**Instructions to follow**
What is needed is an exact transcription of every record, minus the pictures.

**Materials provided**

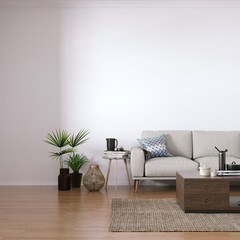 Scandinavian design mid-century interior with Cozy Couch, Wooden Floors and House Plants. Empty Frame Mockup, Art and Print Mockup.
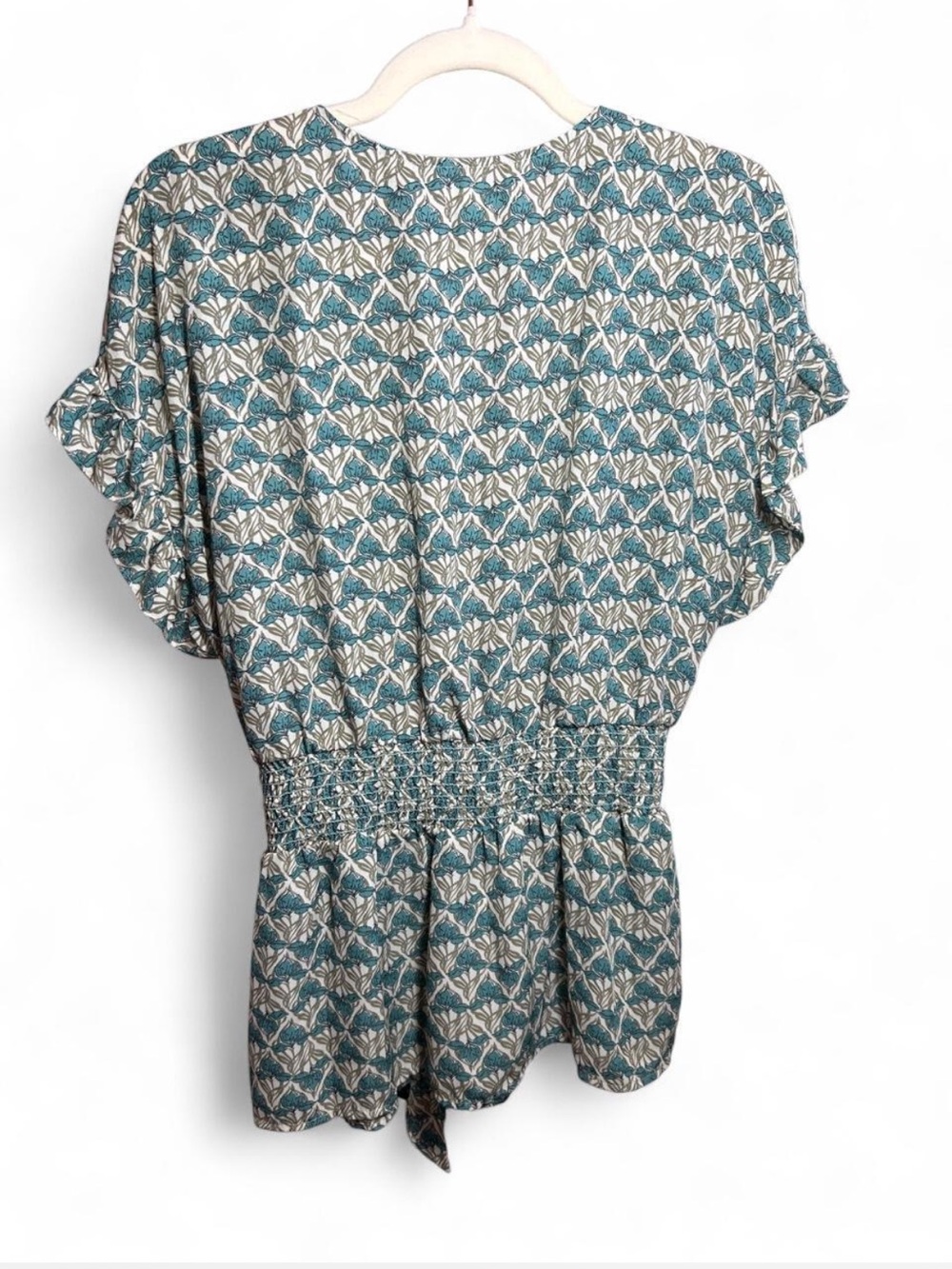 Max Studio Teal and Cream Floral V-Neck Tie-Waist Ruffle Sleeve Blouse - Picture 5 of 5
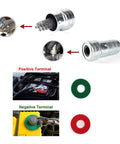 Battery cleaning tools with red and green terminal washers for Beefy Heavy Duty Battery Disconnect Switch Knife Blade 12V 24V Cut Off Isolator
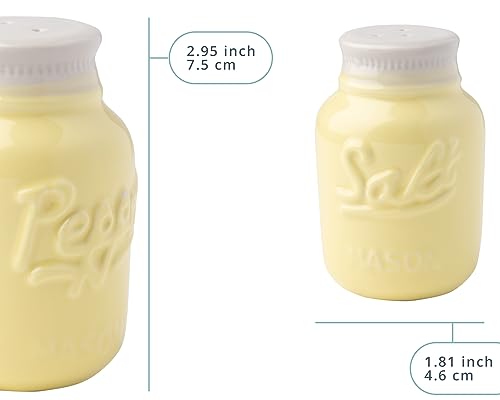 image for Comfify Vintage Mason Jar Salt & Pepper Shakers - Adorable Decorative 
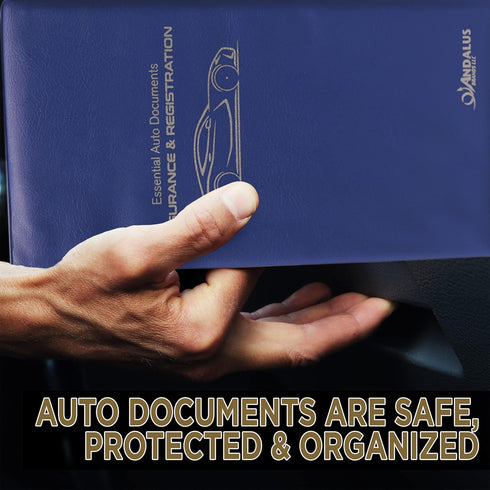 Andalus Auto Registration & Insurance Card Holder Pack of 1, Waterproof Essential Car Registration Holder with Hook & Loop Closure, Perfect for Ev...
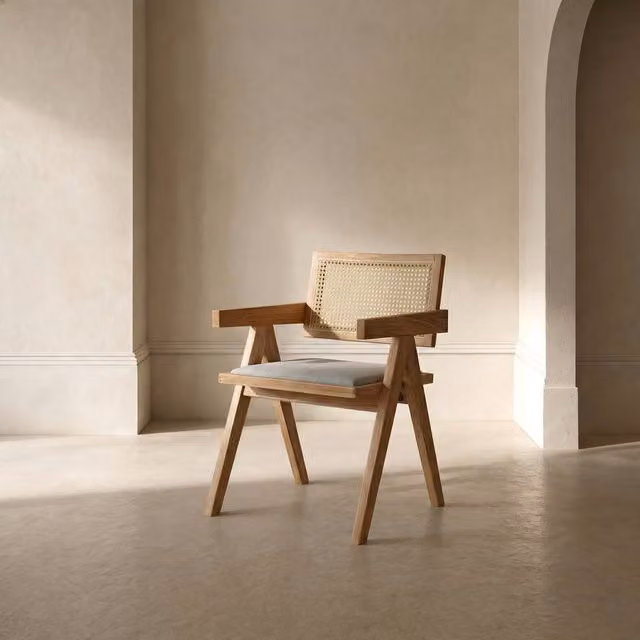 Sedia Dong Banak in legno di faggio con braccioli e seduta imbottita beige e marrone in stile mid-century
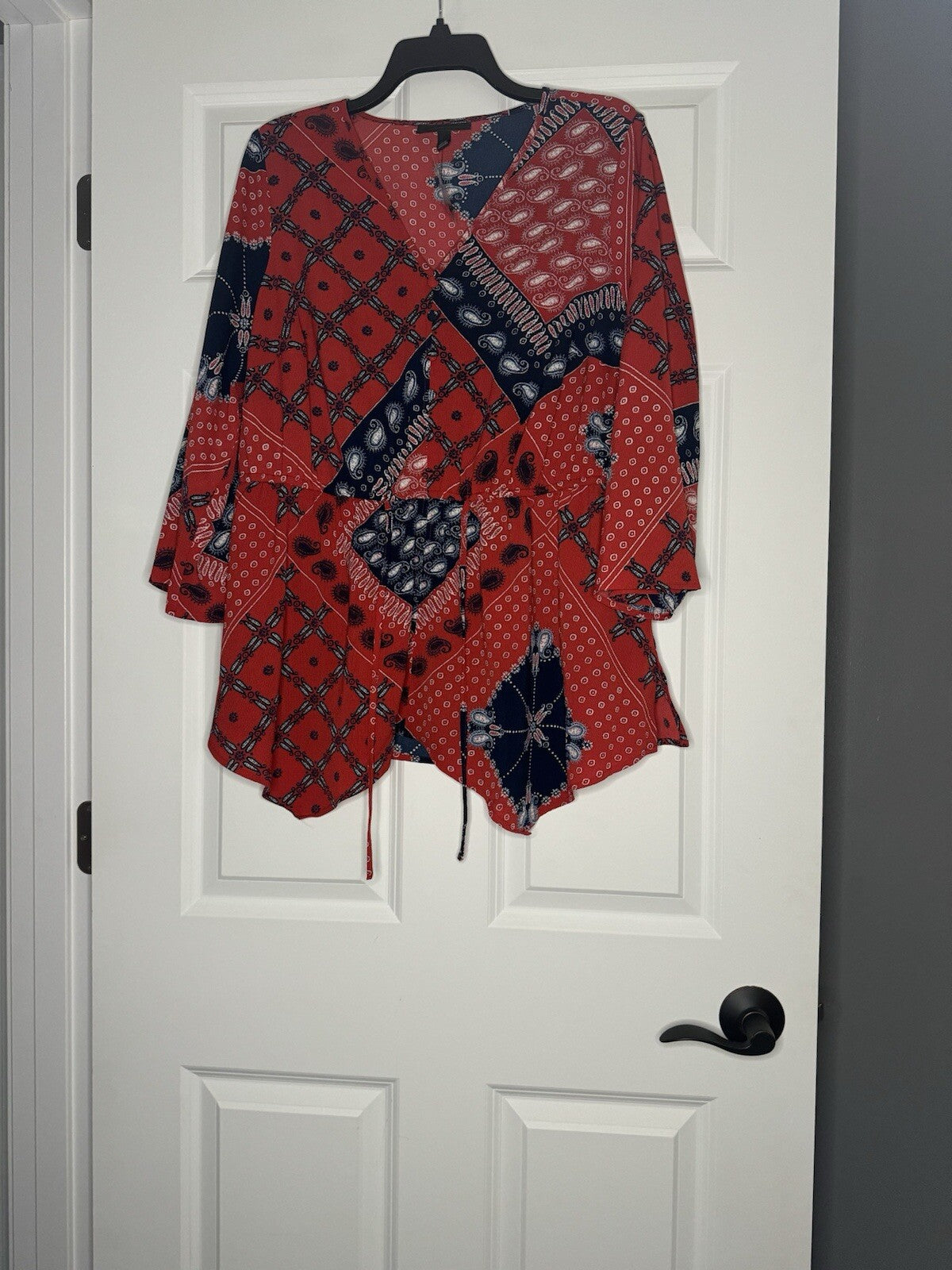 Lane Bryant Long Sleeve Blouse 14/16 Red White Blue Print Nwt 59.95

**Solution to this exercise**
 Scandinavian design mid-century interior with Cozy Couch, Wooden Floors and House Plants. Empty Frame Mockup, Art and Print Mockup.
 Max Studio Teal and Cream Floral V-Neck Tie-Waist Ruffle Sleeve Blouse - Picture 5 of 5
 Battery cleaning tools with red and green terminal washers for Beefy Heavy Duty Battery Disconnect Switch Knife Blade 12V 24V Cut Off Isolator
 image for Comfify Vintage Mason Jar Salt & Pepper Shakers - Adorable Decorative 
 Andalus Auto Registration & Insurance Card Holder Pack of 1, Waterproof Essential Car Registration Holder with Hook & Loop Closure, Perfect for Ev...
 Sedia Dong Banak in legno di faggio con braccioli e seduta imbottita beige e marrone in stile mid-century
 Lane Bryant Long Sleeve Blouse 14/16 Red White Blue Print Nwt 59.95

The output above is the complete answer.